What is required »
All entries are to be copied exactly, with pictures removed.

Listed records »
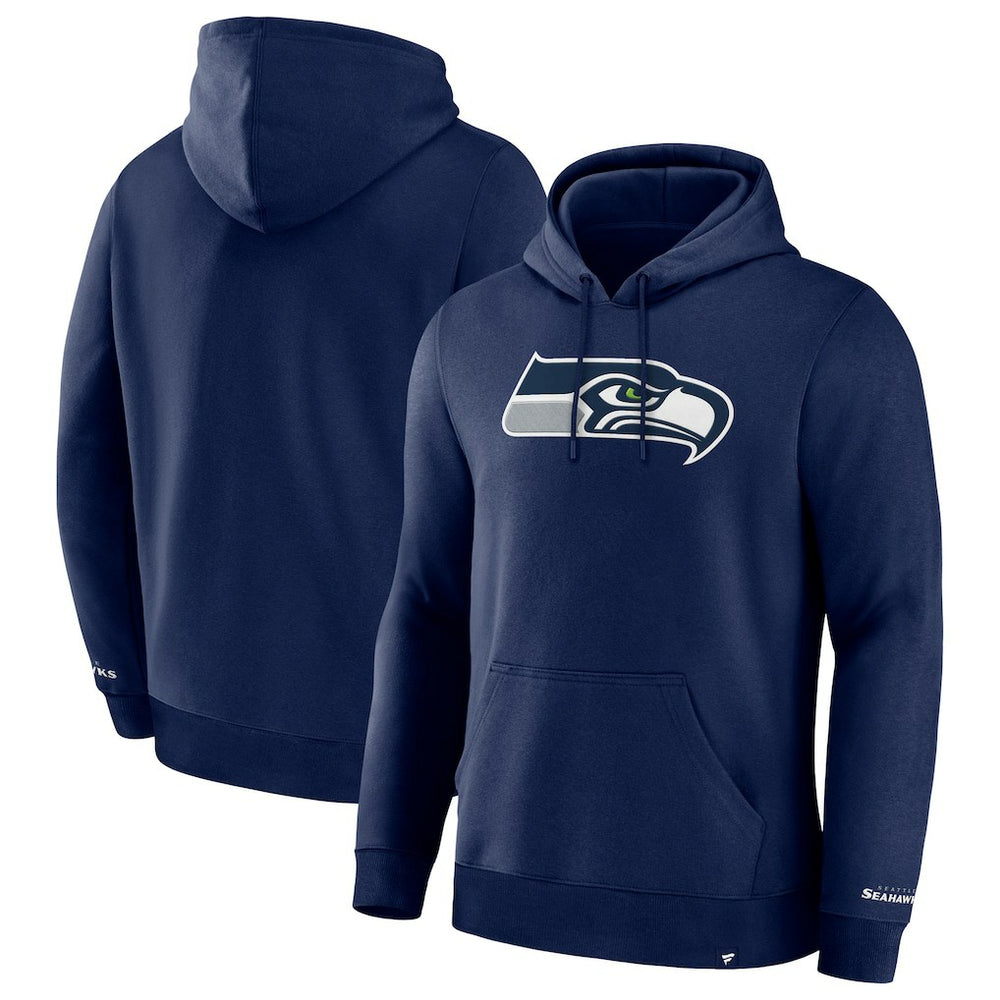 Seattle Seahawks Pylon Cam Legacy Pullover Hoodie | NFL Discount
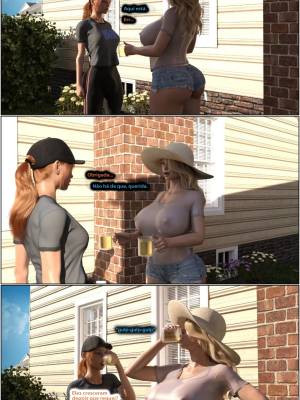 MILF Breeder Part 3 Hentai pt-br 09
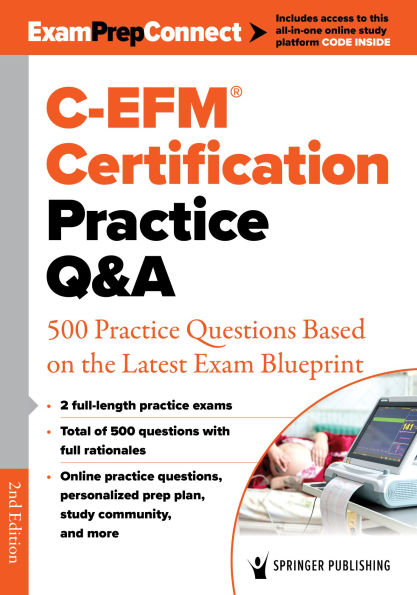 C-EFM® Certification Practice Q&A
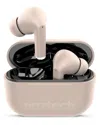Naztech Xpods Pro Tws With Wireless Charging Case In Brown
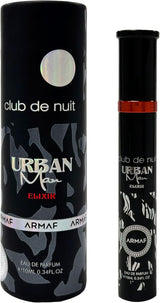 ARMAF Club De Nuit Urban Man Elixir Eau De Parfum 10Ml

Response to the exercise »
 Seattle Seahawks Pylon Cam Legacy Pullover Hoodie | NFL Discount
 MILF Breeder Part 3 Hentai pt-br 09
 C-EFM® Certification Practice Q&A
Naztech Xpods Pro Tws With Wireless Charging Case In Brown
 ARMAF Club De Nuit Urban Man Elixir Eau De Parfum 10Ml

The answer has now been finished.